L’influence des renforcements trouve un soutien comparable dans la littérature. Les actes passés prédisent moyennement à fortement l’adoption des conduites futures comme observé pour l’adhérence médicamenteuse (Sheeran et Orbell, 2000) ou encore le dépistage du cancer du sein (McInerney-Leo et al., 2006 ; Schwartz et al., 1999 ; Slater et al., 2005 ; Taplin et al., 2000) et du gros intestin (Cokkinides et al., 2003 ; Seeff et al., 2004 ; Senore et al., 2010 ; Stokamer et al., 2004). Les actes passés constituent une source d’influence à eux seuls (Kiesler et Sakumura, 1966 ; Pornpitakpan, 2004), qu’il s’agisse d’habitudes salutaires ou néfastes (Collins et Mullan, 2011 ; Hall et Fong, 2007).

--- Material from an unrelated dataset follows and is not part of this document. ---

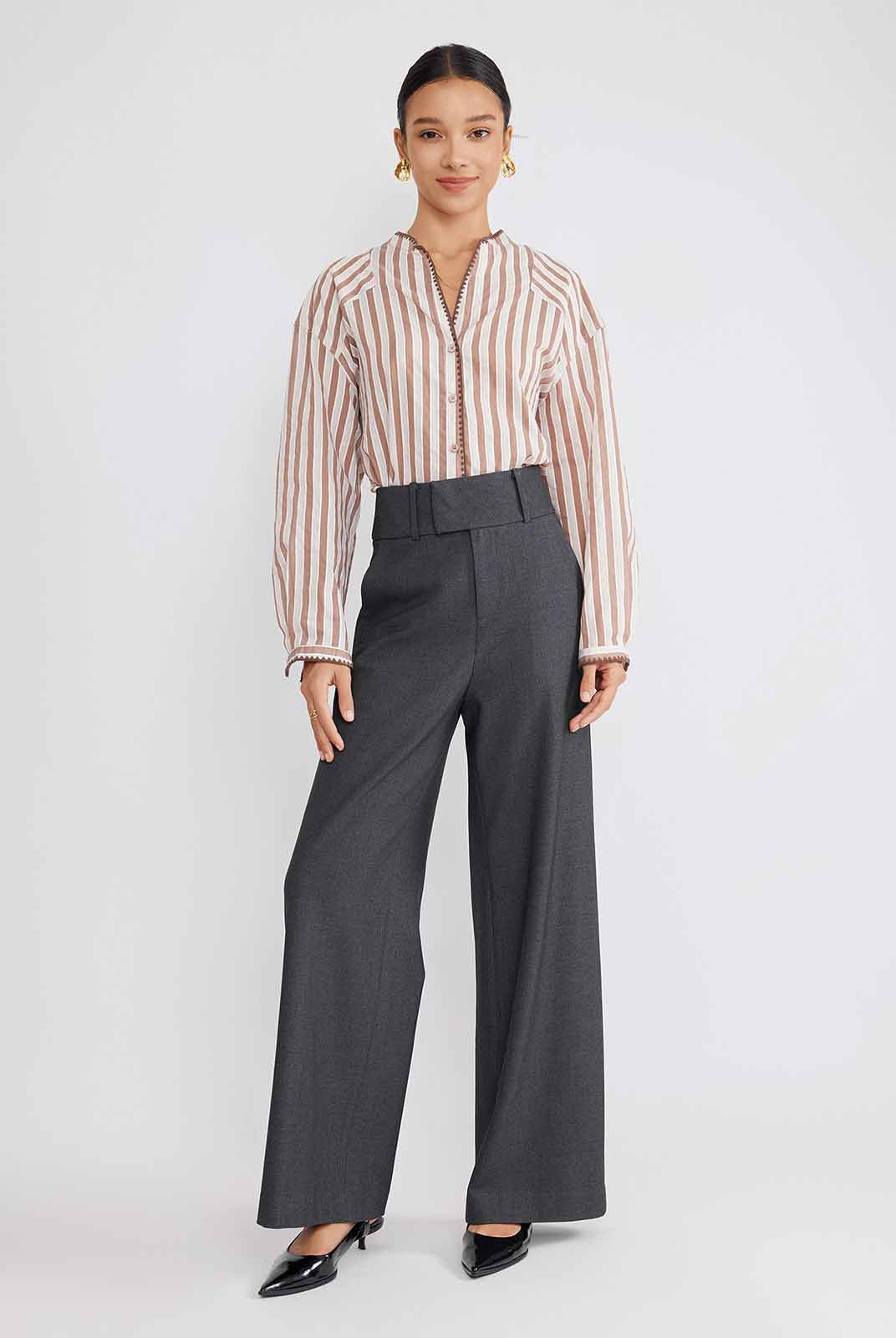 ASOBIO Wool Blend Wide-Leg Trousers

La théorie sociocognitive valide le fait que, sous substance d’être un pré-requis nécessaire (Bandura, 2004), la connaissance ne prédit en définitive ni la motivation ni l’acte mais seulement l’augmentation des aptitudes comportementales (Fisher et Fisher, 1992). Le sentiment d’auto-efficacité et le poids des conduites passées constituent de forts modérateurs de l’intention permettant d’expliquer 16% plus l’intention et 20% plus l’acte que le modèle du comportement planifié, soit une variance respective totale de 60% et 48% (Hagger et al., 2002). Bandura (1977) aborde aussi l’impact des sensations dans le processus de décision (éveil émotionnel). L’individu pressent ses réussites et ses échecs. Il vit de manière anticipée l’émotion du verdict, l’exprimant par un ressenti immédiat de plaisir ou d’inconfort qui guide sa probabilité d’action (Bagozzi et al., 1988 ; Bandura, 1991).